Given an Euclidean Transformation by a rotation matrix 3x3 R and a 3-dimensional translation vector t, how can the Euclidean transformation be implemented using Eigen::Transform?

X = R * X + t

My current approach fails to work:

Eigen::Transform<Type, 3, Eigen::Projective>  transformation;
...

Eigen::AngleAxis           rotation(R);
Eigen::Translation<Type,3> translation(t);

transformation = translation * rotation;

Now, I want to apply it column-wise on a larger set of vectors, i.e. a 3xN matrix X where each column represents a vector to be transformed, i.e.

 X = transformation * X

But, this does not work and produces an assertion:

test-depth.exe: /usr/include/eigen3/Eigen/src/Core/Product.h:133: Eigen::Product<Lhs, Rhs, Option>::Product(const Lhs&, const Rhs&) [with _Lhs = Eigen::Matrix<double, 4, 4>; _Rhs = Eigen::Matrix<double, -1, -1>; int Option = 0; Eigen::Product<Lhs, Rhs, Option>::Lhs = Eigen::Matrix<double, 4, 4>; Eigen::Product<Lhs, Rhs, Option>::Rhs = Eigen::Matrix<double, -1, -1>]: Assertion `lhs.cols() == rhs.rows() && "invalid matrix product" && "if you wanted a coeff-wise or a dot product use the respective explicit functions"' failed.
1
X should be 4*1 vector from the same typeHumam Helfawi
You mean, that internally, it generates a 4x3 matrix to combine the rotation and translation.

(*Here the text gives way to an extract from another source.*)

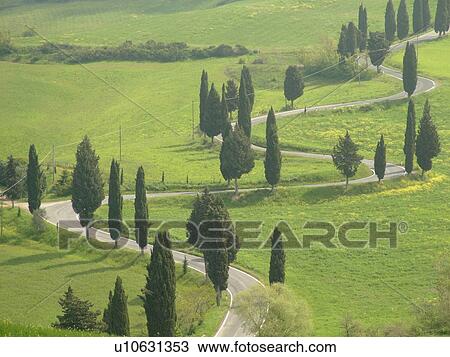 road, Italy, Tuscany, Toscana, Monticchiello, Europe, Tall thin cypress trees line a winding road outside the town of Monticchiello. View Large Photo Image Stock Image - road, Italy, Tuscany, Toscana, Monticchiello, Europe, Tall thin cypress trees line a winding road outside the town of Monticchiello.. Fotosearch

But does this really force me to generate a forth-dimension element? Is there an elegant way around that?Frank-Rene Schäfer
Read about homogeneous coordinates. BTW, do you really need Projectiverather than Affine?MBo

1 Answers

2
votes

MBo's comment is right, you used a Projective transform that involves full homogeneous coordinates to work with. You need to use an Affine transform or AffineCompact if you want a 3x4 matrix under the hood.